As your measurements age we automatically summarize them into single measurements covering larger periods of time. You can control the function used to display a metric’s measurement over time through the metric’s attributes.

metric_aggregation

Aggregation across Data Streams

When the metric you are reporting represents a large number of data streams, it’s often useful to aggregate the same metric across data streams into a single representation. We provide a mechanism for this through our wildcard support. When adding the metric to a chart, specify under “Graph as” what aggregation methodology you want to use. When you select a tag and use a * character to match multiple streams, the streams will be aggregated with the methodology you chose.

metric-aggregation-filter

Example Use Cases

That’s all well and good, but what do these features mean for your data? Here’s a set of broad characterizations around the types of metrics you might be tracking in gauges and how you should accordingly configure these options.

Timings

A timing is a metric that tracks on average (or percentile) how long it takes to perform a given task e.g. process an application request or process a background job. As we summarize across time our primary interest is still the characteristics of a single measurement. Therefore you should leave summarization on the default of average and also combine wildcard tag values with average for metrics with these characteristics.

Counts

A count is a metric that tracks how many times an event has occurred, e.g. jobs processed.
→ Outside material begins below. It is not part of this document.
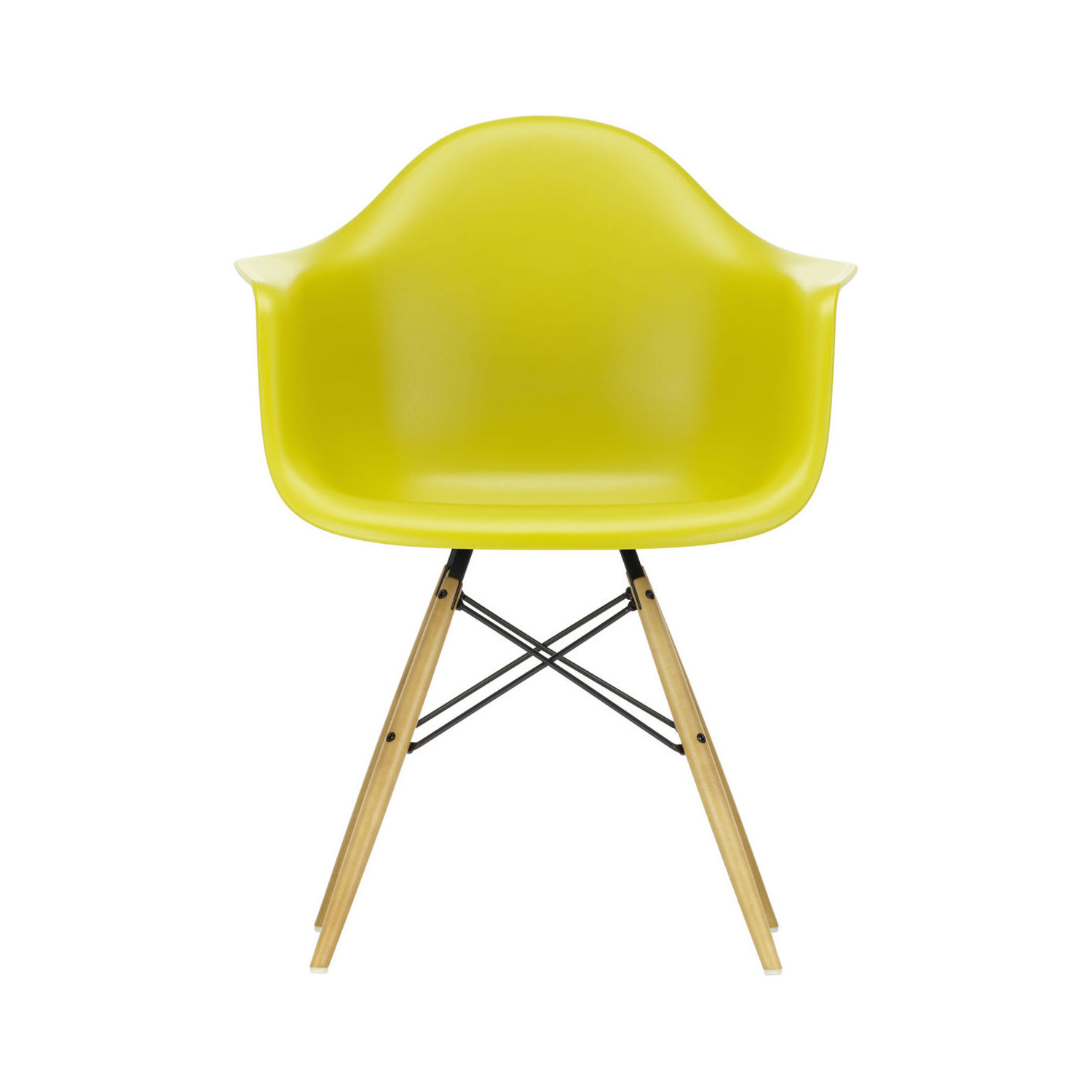 Vitra - Fauteuil Eames Plastic Armchair - Jaune - Érable massif - Designer Charles & Ray Eames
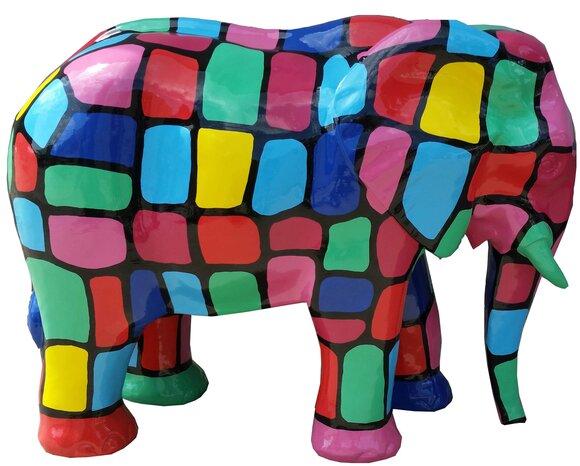 Designer Figur Figuren Dekoration Statue Moderne Elefant Deko Garten Skulpturen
There are typically two types of counters: one where you are tracking an absolute counter value (monotonically increasing) and one where you are counting something where you only know an incremental count at a given time. With counters our primary interest is the absolute total number of events. Therefore you should use sum as the summarization over time and also aggregate data streams with sum.

For metrics that report the absolute value of a counter we recommend using the composite derive() function to highlight change over time.

Rates

A rate is a metric that tracks how many times an event occurs in a given period of time e.g. requests/minute or jobs processed/minute. As we summarize across time we want to preserve the unit of time the rate is measured over, while we summarize over multiple streams of tag sets. Therefore, to summarize a rate you should graph as the average.

You can calculate a rate over any interval other than a minute with a little more configuration. To begin with you ideally should always report rates that align with the reporting interval. In other words if you submit a measurement every 30 seconds, it should represent a 30 second rate. Likewise if you report a measurement every 17 seconds, it should represent a 17 second rate.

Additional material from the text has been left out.